Again, we acknowledge Wirral-based Rob Gandy, still a Molineux season ticket holder despite leaving these parts three and a half decades ago, for both his excellent power of recall and for the unusual access that enabled him to witness the event we are about to describe.
We should stress that Terry Wharton, the other character central to the anecdote, has no recollection of the incident but he did play some 350 League matches for his various clubs plus any number of reserve games and the type of fixture we now refer to.
Rob had his memory jogged by reading of Terry’s pride at having an unblemished (or should that now be ‘virtually unblemished’?) penalty record other than the one he missed playing for Wolves in their victorious campaign in Los Angeles in the summer of 1967…..
Our readers might recall from Rob’s earlier article that he used to work part-time for Bayliss News Agency in Wolverhampton, who despatched him on this occasion to Walsall’s old Fellows Park ground to cover a pre-season friendly against Bolton in about 1970.

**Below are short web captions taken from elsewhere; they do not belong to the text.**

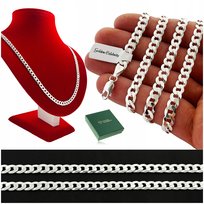 ELEGANCKI GRUBY ŁAŃCUCH MĘSKI PANCERKA SREBRO PRÓBA 925 65cm/6mm + GRAWER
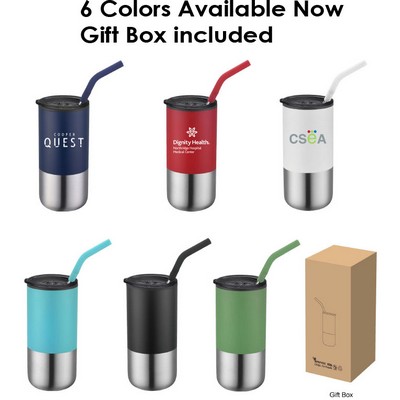 16 Oz. Double Wall Tumbler With Silicon Tip Straw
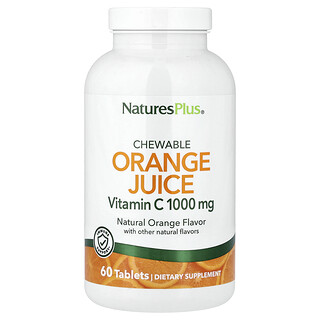 NaturesPlus, Jus d’orange à croquer, Vitamine C, Orange naturelle, 60 comprimés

“I was ‘runner’ to the well-known local freelance journalist Ron Warrilow and used to go to matches with him,” he wrote. “As I recall, Ron and I had gone to cover the game for a Bolton newspaper or the Manchester Evening News – in either case, it would have been for their ‘Pink.’
“At some point, Bolton were awarded a penalty and up stepped Terry Wharton to take it. Facing him in goal was Phil Parkes (not the well-known Wolves one but the namesake who went on to QPR, West Ham and England).
“There was the usual looking at each other before the referee blew his whistle, then Terry moved forward and hit the ball with all the power that was his trademark.
“Phil leapt into the air and, rather than specifically try to see where the ball was going, spreadeagled himself in the middle of his goal, with arms and legs outstretched. He was obviously just hoping the ball would somehow hit him.
“Terry’s shot hurtled straight down the middle at waist height, hit Phil’s backside and flew high over the bar. It was arguably the funniest save I have ever seen. Ron and I just fell about laughing!”
Following around 110 games for Bolton and then more than 20 for Crystal Palace, Wharton was taken to the Saddlers by Ronnie Allen, the man under whom he had shone at Molineux from the mid-1960s.
Alas, the winger played only one competitive first-team game for them – as a no 11 in a 2-0 Third Division home win against Shrewsbury in December, 1973, the month in which Allen left his post.